*Input*:

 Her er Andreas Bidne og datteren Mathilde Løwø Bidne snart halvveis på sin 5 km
--
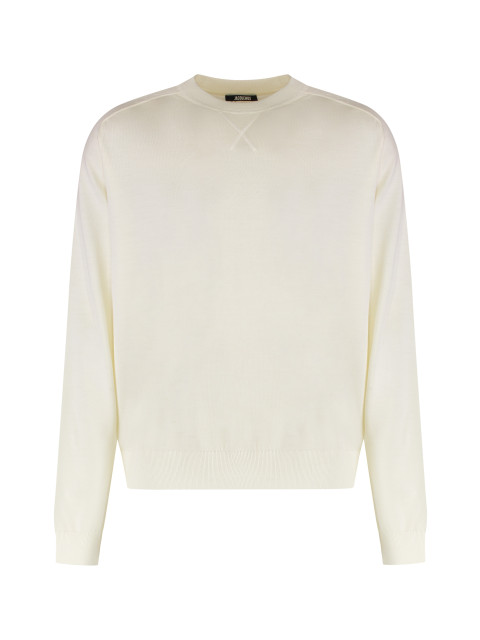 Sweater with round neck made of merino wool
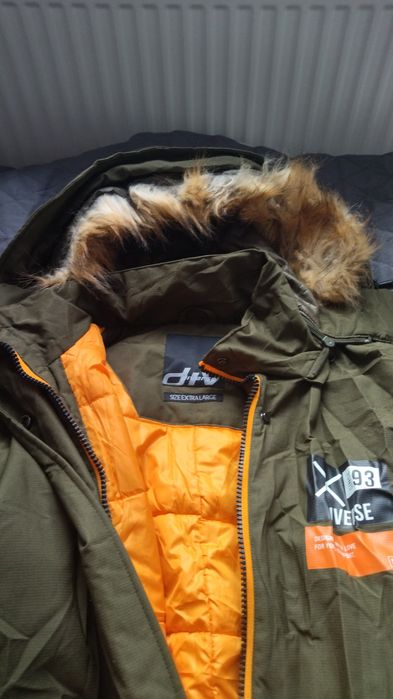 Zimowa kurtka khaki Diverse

*Work instruction*:
Could the stretch from the line with "Sweater with round neck made of merino wool" through the line with "Zimowa kurtka khaki Diverse" in the listing above be restated word for word, minus the pictures?

*The completed task*:
 Sweater with round neck made of merino wool
 Zimowa kurtka khaki Diverse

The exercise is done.